We almost cheered when the first one went down, but three more had clambered inside in the time it took us to deal with that one. The narrow corridor made it difficult for all of us, but we all pressed on.

I’ve never been good at fighting. Until the bomb went off, I’d never had to before. I’m better with words when it comes to this kind of thing; in combat, I have a tendency to flail. Who knew that baseball would ever come in useful for something like this? But I had never been that good at sports.

One thing no-one ever tells you about fighting is how tiring it is. By the time the second one went down, my arms felt like lead. I kept going because I didn’t have any choice, and my world narrowed to gasps chilling my teeth, the coppery taste of blood, fending off hands and trying to get the bastards to stop the only way I knew how.

At one point, I heard Sally scream. I looked over to see Masterson with a frighteningly furious expression, whipping his metal pipe at the head latched onto her arm. It let go and crumpled. Motivation was a telling factor.

I thought about Sax, corrupted and broken. I thought about Ben, how he had almost joined these things, and how he left anyway. I thought about the others we’d lost, and the sleep that fear had stolen from us. I thought about the compromises we had to make to survive. It helped. It kept me swinging.

 

There were so many of them, and there were only five of us left. Even with Dillon and Nugget raining pieces of the roof down on them outside, they kept coming. It wasn’t until the other group returned that we managed to really put a dent in their onslaught. I’m not sure where they came from – flushed out of another building and driven back this way, I think – but they didn’t hesitate to join the battle when they reached us. I think they knew there wasn’t anywhere else to go.

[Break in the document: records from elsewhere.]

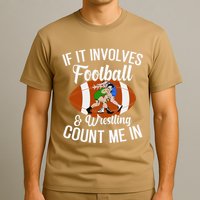 Funny If It Involves Football And Wrestling Count Me Fan T-Shirt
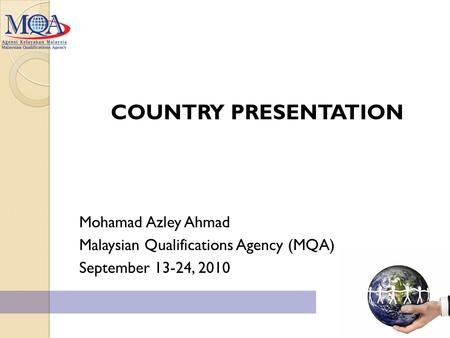 COUNTRY PRESENTATION Mohamad Azley Ahmad Malaysian Qualifications Agency (MQA) September 13-24, 2010.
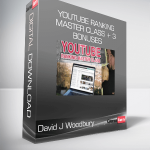 David J Woodbury - YouTube Ranking Master Class + 3 Bonuses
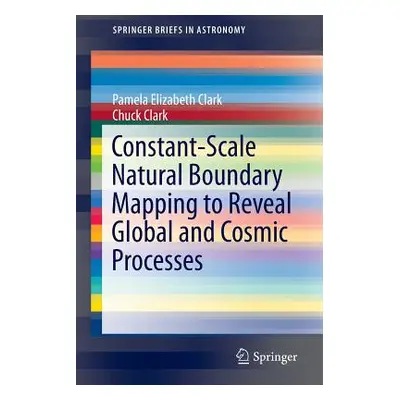 "Constant-Scale Natural Boundary Mapping to Reveal Global and Cosmic Processes" - "" ("Clark Pam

Two groups together managed to make headway against the shamblers. There were too many of us for the corridor and so many of them clambering inside from different points that we took the fight outside. Space was our friend: we were able to get around behind them and avoid their reaching arms completely.

Finally, I couldn’t lift my bat any more. It was sticky and matted – which I didn’t want to think about – and felt like someone had filled it with molten metal while I wasn’t looking. We all looked the same: stoop-shouldered and panting. There was a hole in the onslaught and more bodies lying around us than I cared to count. It looked like a twisted version of a warfield.

“We need to go,” I said. There were more coming, moving up the street and lurching in our direction. They were a pressure on our senses, though they moved too slow to be a danger to us once we were in motion.

We dug our packs out from under the bodies and called the kids down from the roof. There was a bounce in Dillon’s step that ebbed away when he got a close-up look at the corpses lying around. The other group looked at us and we looked back, and we moved off in a single clump by mutual consent. We were safer together.

None of us were sorry to leave the motel behind.